• [TASK GOAL]
Counting only lines below that contain the string "номер", give the total as a single number.

---------- DATA SHOWN

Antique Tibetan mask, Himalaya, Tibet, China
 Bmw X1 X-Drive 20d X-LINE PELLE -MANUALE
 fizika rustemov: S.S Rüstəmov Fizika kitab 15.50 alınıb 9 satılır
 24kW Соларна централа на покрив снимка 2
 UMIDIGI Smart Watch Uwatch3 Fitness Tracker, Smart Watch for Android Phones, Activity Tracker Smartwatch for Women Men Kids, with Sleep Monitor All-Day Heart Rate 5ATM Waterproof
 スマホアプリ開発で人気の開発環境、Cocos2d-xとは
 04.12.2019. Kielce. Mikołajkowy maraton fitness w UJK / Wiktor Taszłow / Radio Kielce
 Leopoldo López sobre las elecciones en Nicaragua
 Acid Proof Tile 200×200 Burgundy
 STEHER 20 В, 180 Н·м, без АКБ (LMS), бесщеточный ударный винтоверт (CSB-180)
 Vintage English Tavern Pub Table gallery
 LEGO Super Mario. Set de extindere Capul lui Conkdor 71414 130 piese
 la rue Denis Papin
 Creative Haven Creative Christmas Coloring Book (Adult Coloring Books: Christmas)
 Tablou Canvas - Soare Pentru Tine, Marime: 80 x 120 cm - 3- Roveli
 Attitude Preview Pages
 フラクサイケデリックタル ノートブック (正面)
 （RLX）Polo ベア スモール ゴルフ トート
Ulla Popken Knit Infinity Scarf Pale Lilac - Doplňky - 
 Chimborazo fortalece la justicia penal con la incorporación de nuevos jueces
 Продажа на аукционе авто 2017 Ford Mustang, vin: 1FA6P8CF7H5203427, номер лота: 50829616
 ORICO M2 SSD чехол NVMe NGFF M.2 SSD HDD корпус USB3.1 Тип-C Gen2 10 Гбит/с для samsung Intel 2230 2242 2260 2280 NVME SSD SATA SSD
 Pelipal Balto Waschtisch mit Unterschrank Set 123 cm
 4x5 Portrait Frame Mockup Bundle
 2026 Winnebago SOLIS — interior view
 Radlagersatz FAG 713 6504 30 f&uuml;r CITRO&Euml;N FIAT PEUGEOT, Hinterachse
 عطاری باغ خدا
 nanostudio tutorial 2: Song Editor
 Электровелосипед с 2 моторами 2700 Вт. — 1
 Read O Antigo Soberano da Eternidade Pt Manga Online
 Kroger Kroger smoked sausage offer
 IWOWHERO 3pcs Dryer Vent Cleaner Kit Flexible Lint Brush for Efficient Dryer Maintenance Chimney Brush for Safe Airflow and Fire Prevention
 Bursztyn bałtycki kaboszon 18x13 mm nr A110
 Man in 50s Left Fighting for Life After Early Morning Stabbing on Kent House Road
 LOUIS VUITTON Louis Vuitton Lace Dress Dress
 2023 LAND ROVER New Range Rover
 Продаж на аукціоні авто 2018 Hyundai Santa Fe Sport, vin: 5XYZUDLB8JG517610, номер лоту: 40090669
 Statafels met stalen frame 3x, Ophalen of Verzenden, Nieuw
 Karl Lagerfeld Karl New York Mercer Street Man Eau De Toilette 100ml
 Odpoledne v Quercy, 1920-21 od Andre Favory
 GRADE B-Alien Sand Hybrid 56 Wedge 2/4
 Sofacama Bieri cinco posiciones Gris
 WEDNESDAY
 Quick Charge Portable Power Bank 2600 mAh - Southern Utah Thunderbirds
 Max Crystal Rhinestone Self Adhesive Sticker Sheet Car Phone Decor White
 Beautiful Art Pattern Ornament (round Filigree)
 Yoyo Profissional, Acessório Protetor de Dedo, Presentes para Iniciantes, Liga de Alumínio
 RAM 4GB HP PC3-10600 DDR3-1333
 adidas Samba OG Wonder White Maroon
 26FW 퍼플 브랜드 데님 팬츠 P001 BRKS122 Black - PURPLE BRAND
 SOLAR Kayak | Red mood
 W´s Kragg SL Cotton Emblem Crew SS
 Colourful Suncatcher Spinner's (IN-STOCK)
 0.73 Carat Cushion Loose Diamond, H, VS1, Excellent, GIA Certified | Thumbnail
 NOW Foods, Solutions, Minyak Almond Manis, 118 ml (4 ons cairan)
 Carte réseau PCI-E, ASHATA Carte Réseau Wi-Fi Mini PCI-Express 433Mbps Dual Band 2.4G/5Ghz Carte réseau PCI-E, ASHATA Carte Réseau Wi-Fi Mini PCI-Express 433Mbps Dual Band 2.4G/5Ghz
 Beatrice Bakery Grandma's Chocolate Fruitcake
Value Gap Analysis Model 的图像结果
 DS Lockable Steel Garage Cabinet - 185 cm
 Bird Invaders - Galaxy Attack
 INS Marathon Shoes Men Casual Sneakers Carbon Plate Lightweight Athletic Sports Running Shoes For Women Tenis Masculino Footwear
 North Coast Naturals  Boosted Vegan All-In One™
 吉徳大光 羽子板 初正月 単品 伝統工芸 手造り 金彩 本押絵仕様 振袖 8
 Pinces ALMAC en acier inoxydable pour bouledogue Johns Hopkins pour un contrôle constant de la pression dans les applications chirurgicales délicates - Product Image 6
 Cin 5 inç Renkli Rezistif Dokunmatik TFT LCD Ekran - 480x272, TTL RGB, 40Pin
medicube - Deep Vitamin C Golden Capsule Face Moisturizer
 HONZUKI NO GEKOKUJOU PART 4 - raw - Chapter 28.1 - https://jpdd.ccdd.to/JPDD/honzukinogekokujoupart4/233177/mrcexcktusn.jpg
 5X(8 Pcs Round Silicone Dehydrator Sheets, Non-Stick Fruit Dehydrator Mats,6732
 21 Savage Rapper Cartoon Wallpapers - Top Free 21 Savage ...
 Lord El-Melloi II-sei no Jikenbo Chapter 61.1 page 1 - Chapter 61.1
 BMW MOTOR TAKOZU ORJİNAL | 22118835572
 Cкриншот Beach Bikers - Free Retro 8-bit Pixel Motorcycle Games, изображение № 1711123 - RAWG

--------------------

• [WRITTEN RESPONSE]
2